**Task item**
Output only the lines from the one holding "Over Landschap Acryl op paneel./22x15x3 cm" to the end of the data below, please, copied exactly.

**Records to process**
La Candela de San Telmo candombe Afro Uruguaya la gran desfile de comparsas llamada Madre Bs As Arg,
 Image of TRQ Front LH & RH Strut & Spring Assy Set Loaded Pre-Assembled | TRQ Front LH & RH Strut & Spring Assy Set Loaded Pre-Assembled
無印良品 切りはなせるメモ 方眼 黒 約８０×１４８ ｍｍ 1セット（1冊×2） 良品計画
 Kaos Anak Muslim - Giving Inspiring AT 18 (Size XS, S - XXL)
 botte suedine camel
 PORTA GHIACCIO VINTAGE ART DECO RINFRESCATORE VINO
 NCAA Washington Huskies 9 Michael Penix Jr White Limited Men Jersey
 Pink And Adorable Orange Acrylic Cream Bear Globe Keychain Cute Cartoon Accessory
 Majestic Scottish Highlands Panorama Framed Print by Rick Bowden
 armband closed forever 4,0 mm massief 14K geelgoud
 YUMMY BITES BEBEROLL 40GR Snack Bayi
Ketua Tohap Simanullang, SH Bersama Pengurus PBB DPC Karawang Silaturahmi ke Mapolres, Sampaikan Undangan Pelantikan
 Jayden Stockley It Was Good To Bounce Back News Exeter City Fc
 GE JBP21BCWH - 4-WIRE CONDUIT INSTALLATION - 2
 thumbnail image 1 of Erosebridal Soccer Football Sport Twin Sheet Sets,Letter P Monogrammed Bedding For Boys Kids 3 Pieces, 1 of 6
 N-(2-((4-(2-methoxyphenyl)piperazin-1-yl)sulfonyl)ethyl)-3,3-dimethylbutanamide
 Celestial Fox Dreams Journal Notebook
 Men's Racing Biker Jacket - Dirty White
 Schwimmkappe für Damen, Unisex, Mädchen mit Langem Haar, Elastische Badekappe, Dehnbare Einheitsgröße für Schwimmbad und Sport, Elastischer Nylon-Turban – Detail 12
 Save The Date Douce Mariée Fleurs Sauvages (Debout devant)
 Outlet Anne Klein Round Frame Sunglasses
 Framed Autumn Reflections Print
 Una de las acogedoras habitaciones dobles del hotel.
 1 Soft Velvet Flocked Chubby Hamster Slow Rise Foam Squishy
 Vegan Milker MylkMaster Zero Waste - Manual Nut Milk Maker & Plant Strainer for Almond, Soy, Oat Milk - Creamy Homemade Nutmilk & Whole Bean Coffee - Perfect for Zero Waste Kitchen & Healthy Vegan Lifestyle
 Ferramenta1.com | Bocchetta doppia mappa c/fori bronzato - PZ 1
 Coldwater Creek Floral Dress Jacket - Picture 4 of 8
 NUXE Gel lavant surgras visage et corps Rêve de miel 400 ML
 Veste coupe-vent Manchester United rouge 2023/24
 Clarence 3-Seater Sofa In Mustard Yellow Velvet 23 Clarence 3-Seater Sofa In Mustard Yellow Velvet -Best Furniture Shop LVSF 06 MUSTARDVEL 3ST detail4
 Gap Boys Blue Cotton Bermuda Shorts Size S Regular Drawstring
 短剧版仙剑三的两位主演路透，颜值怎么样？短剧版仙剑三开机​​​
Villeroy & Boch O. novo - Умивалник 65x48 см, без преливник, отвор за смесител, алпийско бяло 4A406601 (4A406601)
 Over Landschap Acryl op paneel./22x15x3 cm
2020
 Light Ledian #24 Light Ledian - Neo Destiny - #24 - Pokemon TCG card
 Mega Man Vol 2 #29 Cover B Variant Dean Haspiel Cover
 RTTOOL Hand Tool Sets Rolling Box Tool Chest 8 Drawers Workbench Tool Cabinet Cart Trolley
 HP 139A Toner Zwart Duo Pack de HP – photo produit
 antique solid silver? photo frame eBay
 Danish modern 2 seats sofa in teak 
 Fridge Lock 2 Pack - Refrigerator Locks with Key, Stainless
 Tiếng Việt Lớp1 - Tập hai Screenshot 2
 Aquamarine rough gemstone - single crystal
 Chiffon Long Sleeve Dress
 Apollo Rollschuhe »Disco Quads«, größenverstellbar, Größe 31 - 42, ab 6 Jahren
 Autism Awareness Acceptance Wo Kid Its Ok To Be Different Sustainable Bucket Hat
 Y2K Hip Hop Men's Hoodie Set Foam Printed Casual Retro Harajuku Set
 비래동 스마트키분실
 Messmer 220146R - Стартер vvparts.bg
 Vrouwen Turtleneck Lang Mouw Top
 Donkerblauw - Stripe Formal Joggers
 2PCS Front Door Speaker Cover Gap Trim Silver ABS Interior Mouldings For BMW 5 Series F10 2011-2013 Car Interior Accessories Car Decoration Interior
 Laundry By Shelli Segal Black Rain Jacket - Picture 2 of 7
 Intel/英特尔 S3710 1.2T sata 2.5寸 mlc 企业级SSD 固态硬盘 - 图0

**Finished exercise**
 Over Landschap Acryl op paneel./22x15x3 cm
2020
 Light Ledian #24 Light Ledian - Neo Destiny - #24 - Pokemon TCG card
 Mega Man Vol 2 #29 Cover B Variant Dean Haspiel Cover
 RTTOOL Hand Tool Sets Rolling Box Tool Chest 8 Drawers Workbench Tool Cabinet Cart Trolley
 HP 139A Toner Zwart Duo Pack de HP – photo produit
 antique solid silver? photo frame eBay
 Danish modern 2 seats sofa in teak 
 Fridge Lock 2 Pack - Refrigerator Locks with Key, Stainless
 Tiếng Việt Lớp1 - Tập hai Screenshot 2
 Aquamarine rough gemstone - single crystal
 Chiffon Long Sleeve Dress
 Apollo Rollschuhe »Disco Quads«, größenverstellbar, Größe 31 - 42, ab 6 Jahren
 Autism Awareness Acceptance Wo Kid Its Ok To Be Different Sustainable Bucket Hat
 Y2K Hip Hop Men's Hoodie Set Foam Printed Casual Retro Harajuku Set
 비래동 스마트키분실
 Messmer 220146R - Стартер vvparts.bg
 Vrouwen Turtleneck Lang Mouw Top
 Donkerblauw - Stripe Formal Joggers
 2PCS Front Door Speaker Cover Gap Trim Silver ABS Interior Mouldings For BMW 5 Series F10 2011-2013 Car Interior Accessories Car Decoration Interior
 Laundry By Shelli Segal Black Rain Jacket - Picture 2 of 7
 Intel/英特尔 S3710 1.2T sata 2.5寸 mlc 企业级SSD 固态硬盘 - 图0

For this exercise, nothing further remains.